*What you are asked to do*
Since the records include pictures, leave those out while you reproduce exactly and only the lines from the one containing "25FW バイク 長袖 Tシャツ(COURT FLOOR PLAN) BK6702" through the one containing "Zhaoran 3-Piece Aluminum", inclusive.

*Raw data*
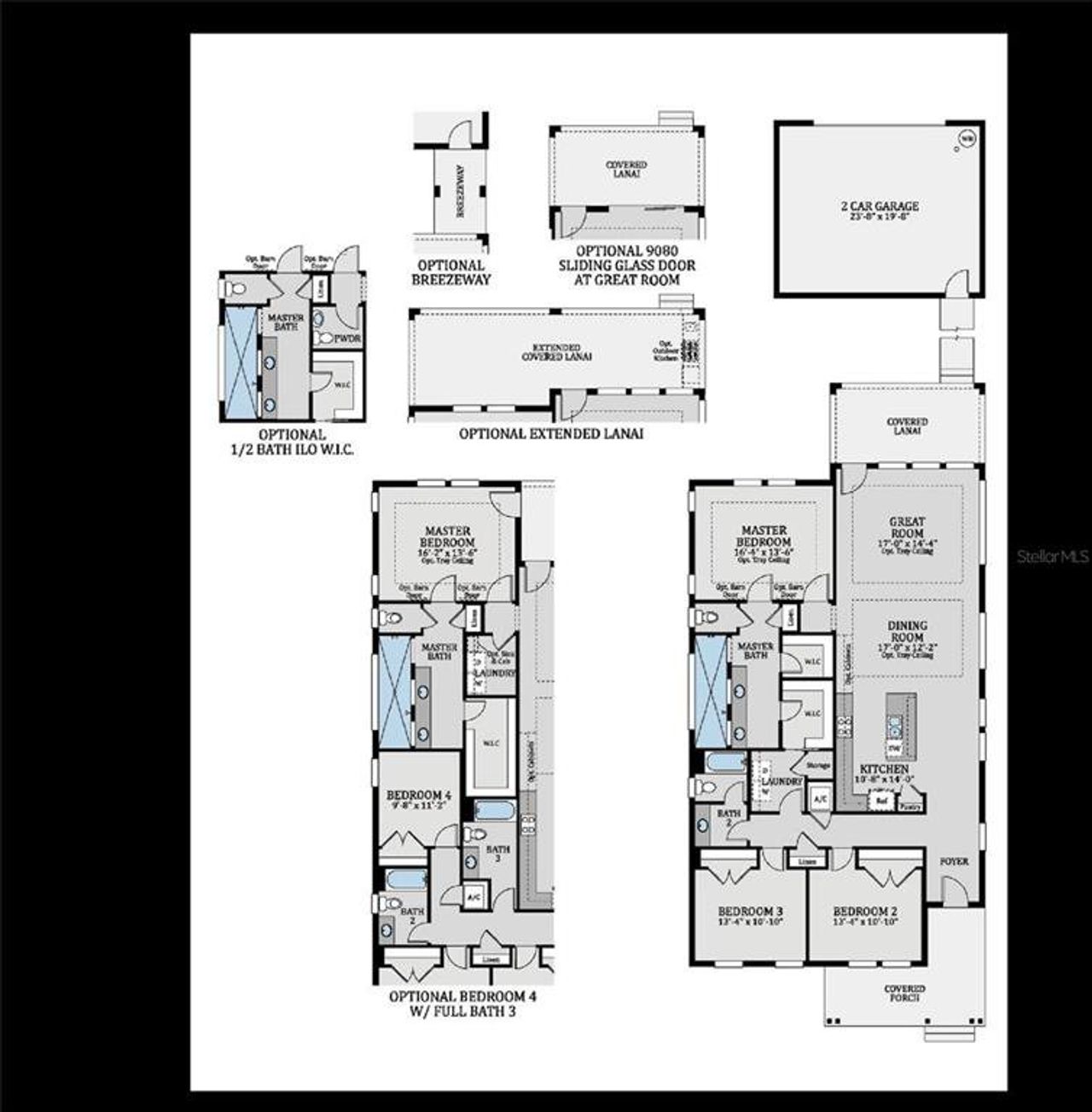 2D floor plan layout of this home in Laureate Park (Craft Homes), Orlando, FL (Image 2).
--
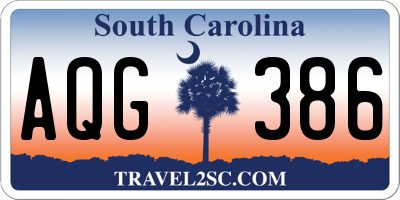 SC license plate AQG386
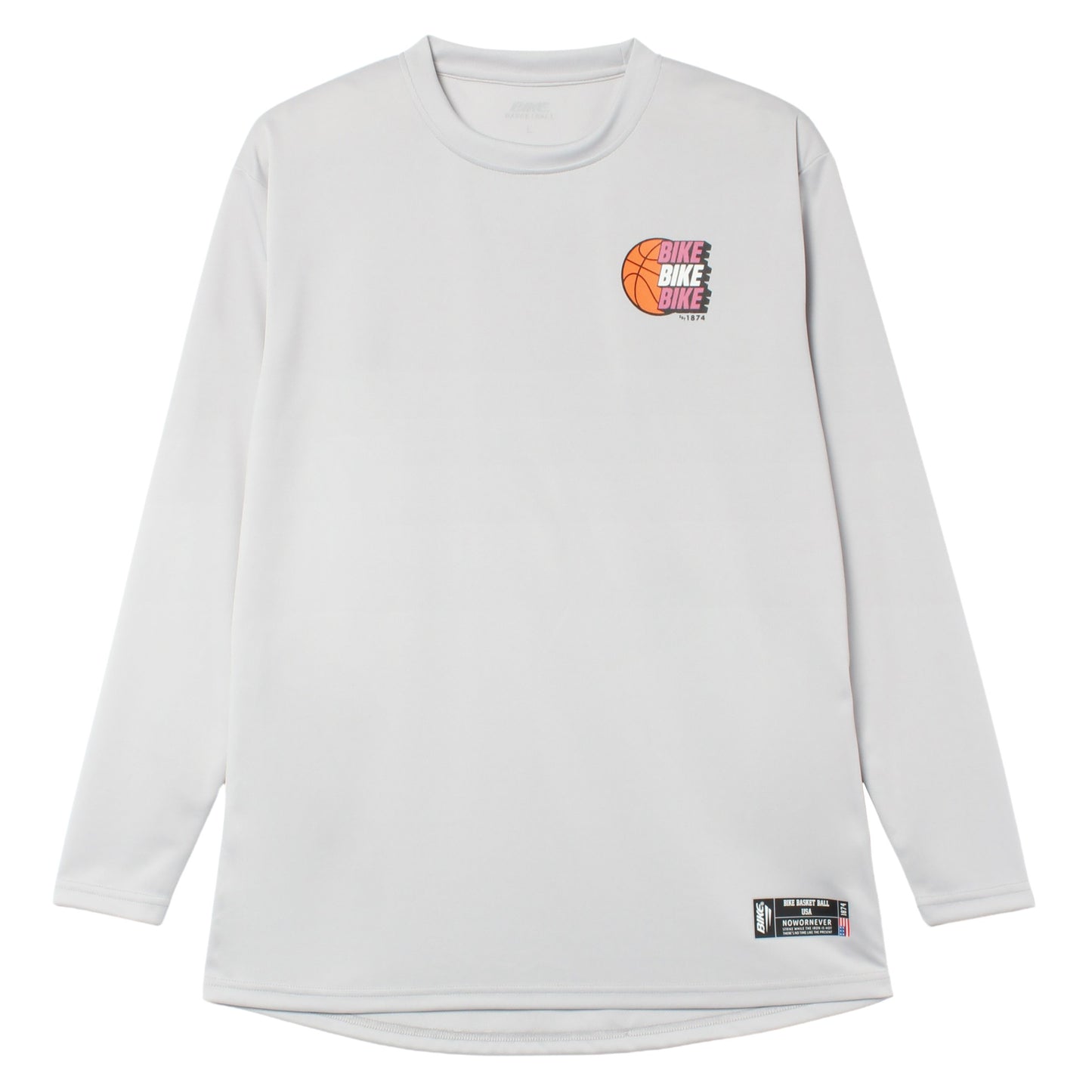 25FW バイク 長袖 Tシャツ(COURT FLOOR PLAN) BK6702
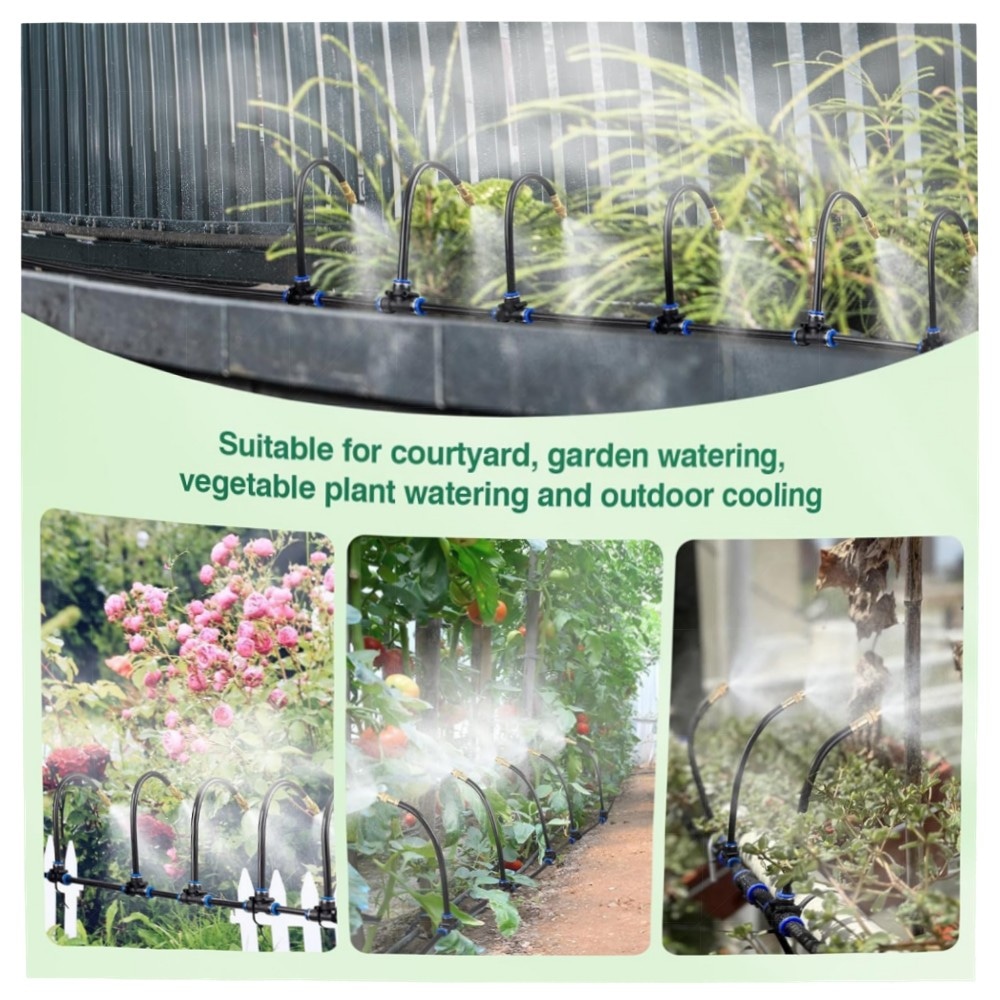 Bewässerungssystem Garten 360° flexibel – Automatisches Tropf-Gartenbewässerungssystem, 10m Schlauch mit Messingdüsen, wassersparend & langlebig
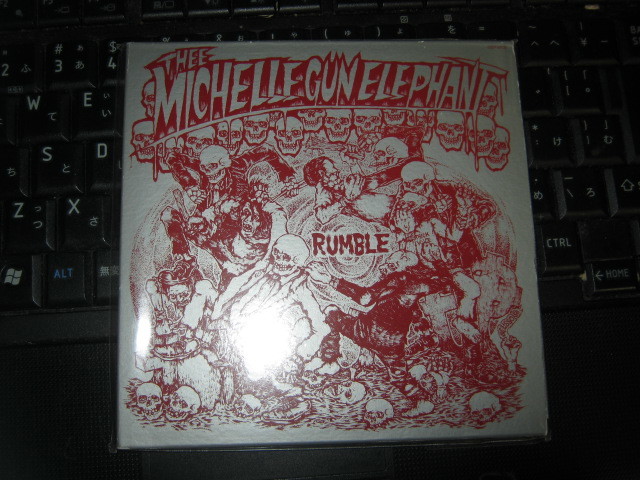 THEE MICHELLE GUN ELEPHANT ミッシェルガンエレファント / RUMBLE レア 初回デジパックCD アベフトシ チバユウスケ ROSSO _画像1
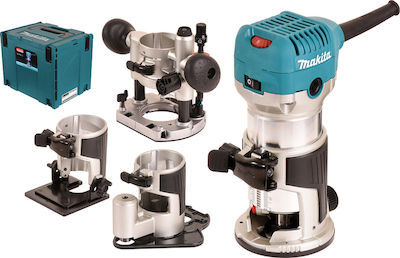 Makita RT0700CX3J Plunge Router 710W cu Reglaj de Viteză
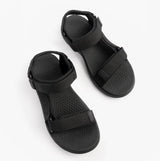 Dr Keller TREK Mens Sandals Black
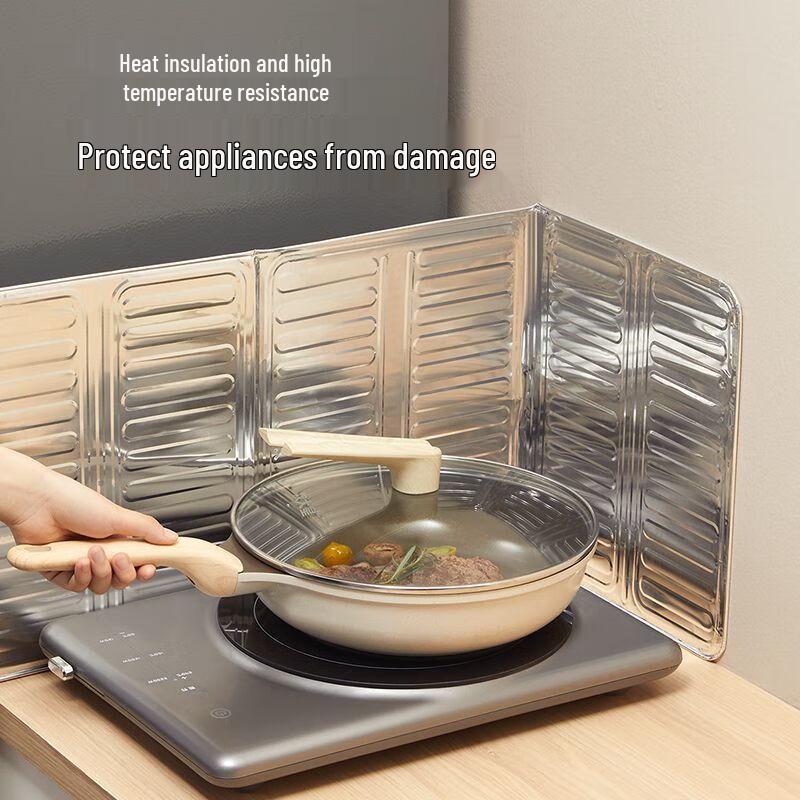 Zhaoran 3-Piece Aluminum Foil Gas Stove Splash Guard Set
...
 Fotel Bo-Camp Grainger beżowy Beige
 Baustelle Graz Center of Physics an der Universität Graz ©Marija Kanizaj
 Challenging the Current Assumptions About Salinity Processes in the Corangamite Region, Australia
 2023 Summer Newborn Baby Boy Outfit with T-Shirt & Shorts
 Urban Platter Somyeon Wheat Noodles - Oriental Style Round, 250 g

*Solution to the exercise*
 25FW バイク 長袖 Tシャツ(COURT FLOOR PLAN) BK6702
 Bewässerungssystem Garten 360° flexibel – Automatisches Tropf-Gartenbewässerungssystem, 10m Schlauch mit Messingdüsen, wassersparend & langlebig
 THEE MICHELLE GUN ELEPHANT ミッシェルガンエレファント / RUMBLE レア 初回デジパックCD アベフトシ チバユウスケ ROSSO _画像1
 Makita RT0700CX3J Plunge Router 710W cu Reglaj de Viteză
 Dr Keller TREK Mens Sandals Black
 Zhaoran 3-Piece Aluminum Foil Gas Stove Splash Guard Set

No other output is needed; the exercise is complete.